As Ellery said, perhaps we’d better “take time to think that through.”
Those of us who remember even a little about America’s mid-20th century wars know what it feels like to have despots trying to take your country away from you. And we know what it takes to make certain they fail. Victory takes more than rallies and speeches about fear. It takes tough times and tough decisions – deprivation, the draft, death, families separated, new families put on hold – on a scale that reaches into nearly every American home. Those who remember even little scraps of those times have no yearning to live through them again.
So why is a rhetoric of fear and mistrust spilling all over the campaign trail? Why do members of Congress seem paralyzed as if by curare when it comes to doing the public’s business? Is it all about winning elections, nothing more? Has the high art of governing become the lesser art of holding on to power no matter what the cost? Even Maine’s own Republican Sen. Susan Collins is no longer immune from such questions.

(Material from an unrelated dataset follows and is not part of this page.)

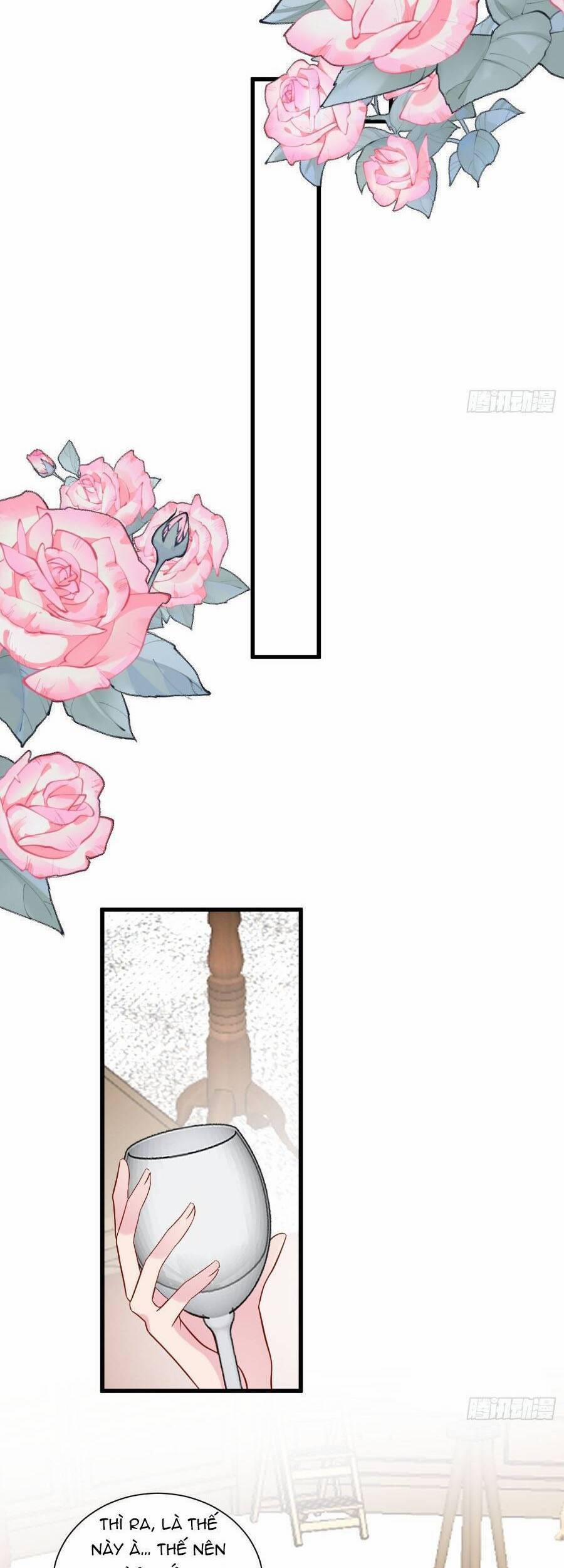 Dã Nam Nhân Đều Muốn Gả Cho Ta 57 trang 25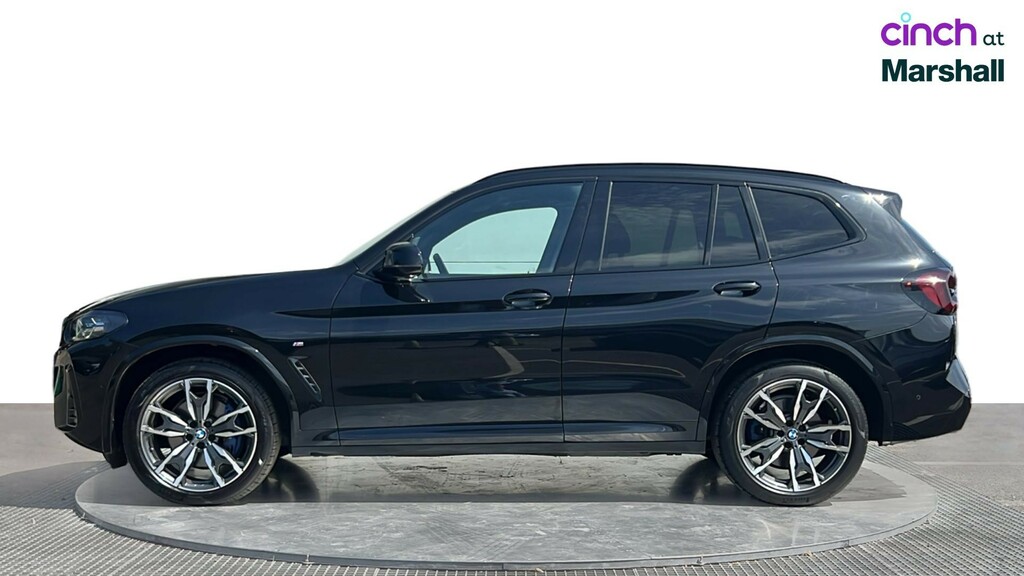 BMW X3 M 3.0I Competition Xdrive Euro 6 Ss Grey #6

New York Times columnist Gail Collins, with a long career as an editorial writer for that paper, raised them publicly on Sept. 24. Susan Collins, she noted, supports repealing the controversial “don’t ask, don’t tell” provision governing gays in the military that the defense bill would have repealed. Yet she did not support the bill, which included other controversial provisions, long enough and strong enough to move it to passage.

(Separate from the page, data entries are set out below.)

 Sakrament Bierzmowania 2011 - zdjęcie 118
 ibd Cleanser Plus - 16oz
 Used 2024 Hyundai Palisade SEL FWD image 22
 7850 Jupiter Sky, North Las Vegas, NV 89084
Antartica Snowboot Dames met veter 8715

“I cannot vote to proceed to this bill under a situation that is going to shut down debate and preclude Republican amendments,” Collins, the senator, declared. And Collins, the columnist, found that hard to buy into.
“Perhaps Collins was frightened by tea party talk in her home state,” Gail Collins wrote. “Perhaps she had been unnerved by Lady Gaga’s decision to go to Maine and hold rallies on behalf of the bill…,” she suggested, then loosed this zinger, “Cynical minds might presume that (Sen.) Collins was just caving in to her party’s determination to keep the Democratic majority from accomplishing anything before the elections and grabbing at a convenient, if incoherent, cover.”

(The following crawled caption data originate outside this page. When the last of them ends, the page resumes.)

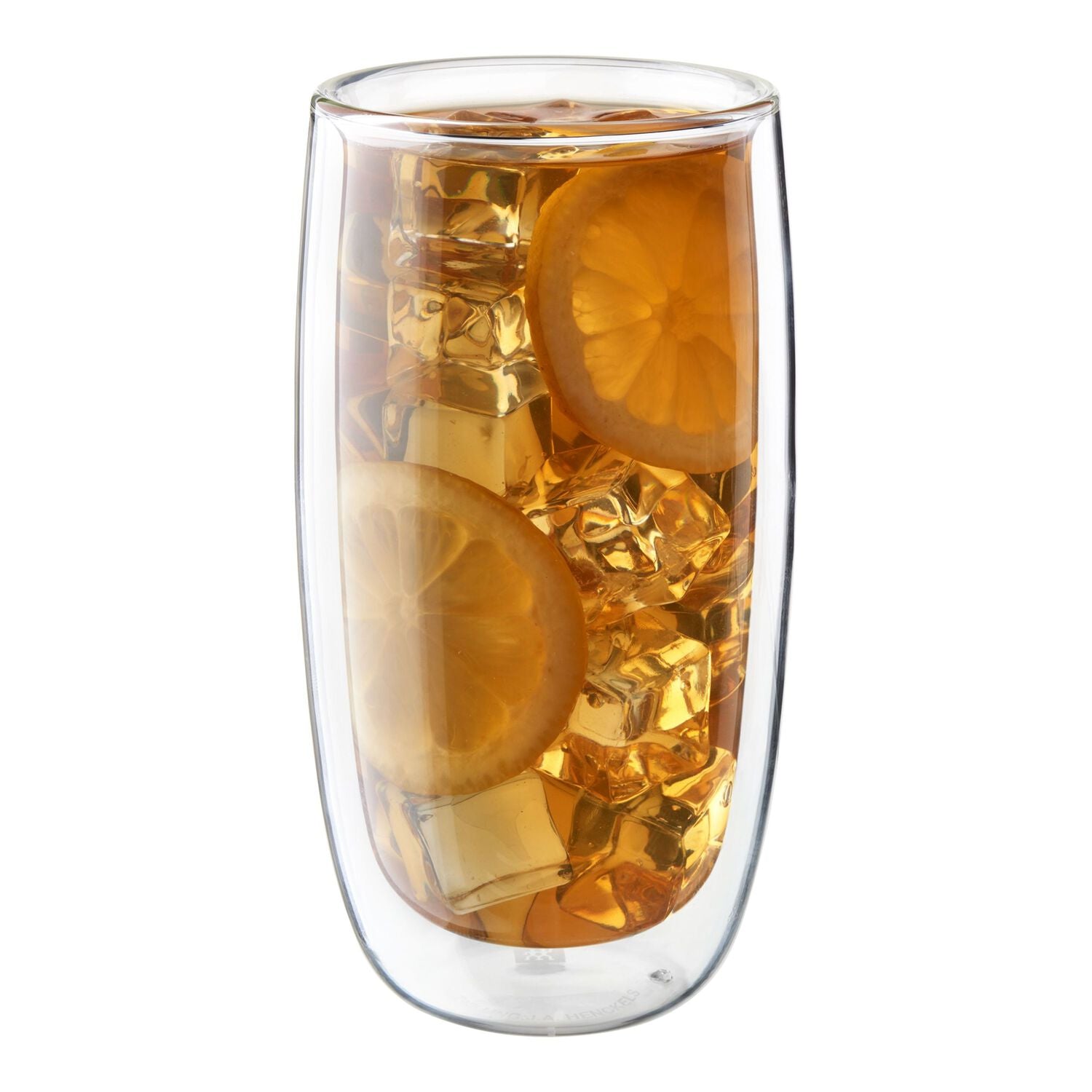 Zwilling Sorrento 2-pc Double Wall Beverage Glass Set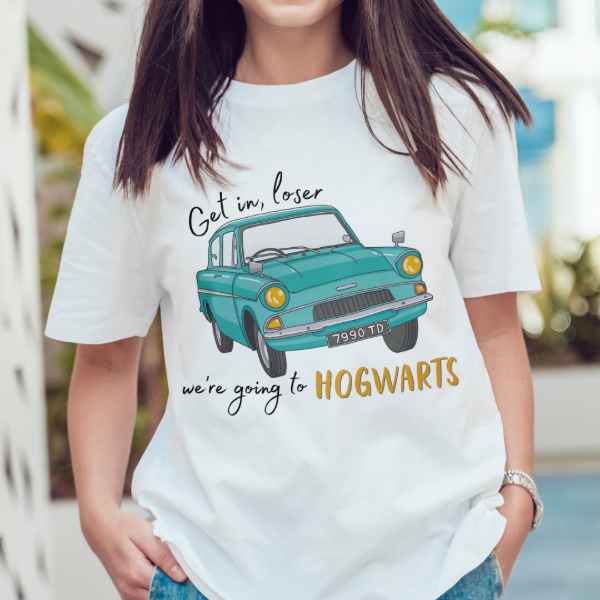 Producto - Remera Auto Weasly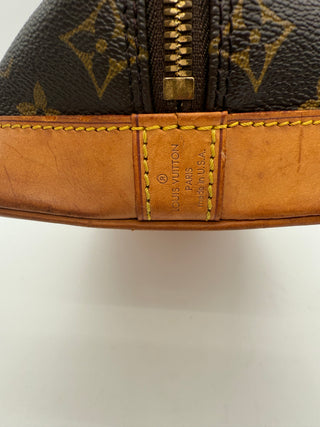 Louis Vuitton Alma Monogram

That assessment strikes me as pretty much the toughest national criticism Susan Collins has taken in her years in the Senate. It’s a reminder, too, that the stronger her hold on power becomes, the more intent the national focus on her will be.
For leaders now in power and new leaders who are coming along, it’s important to know large numbers of women have waited decades to see women contend for the presidency and other high offices, only now to be faced with candidates they do not like and will not support. The attitude, inspired in large part by Sarah Palin, reaches across both state and party lines. And future leaders need to face it. In today’s multifaceted communications world, people are watching and listening all the time.
Unlike lace veils and good dishes, leadership for Maine women is no heirloom gently passed from generation to generation. Power doesn’t work that way. And we probably would not like it if it did. Power and loyalty exist to be earned. That’s part of what makes spreading power to new generations of leaders so exciting.
Thanks, Ellery, for helping me “take time to think that through.”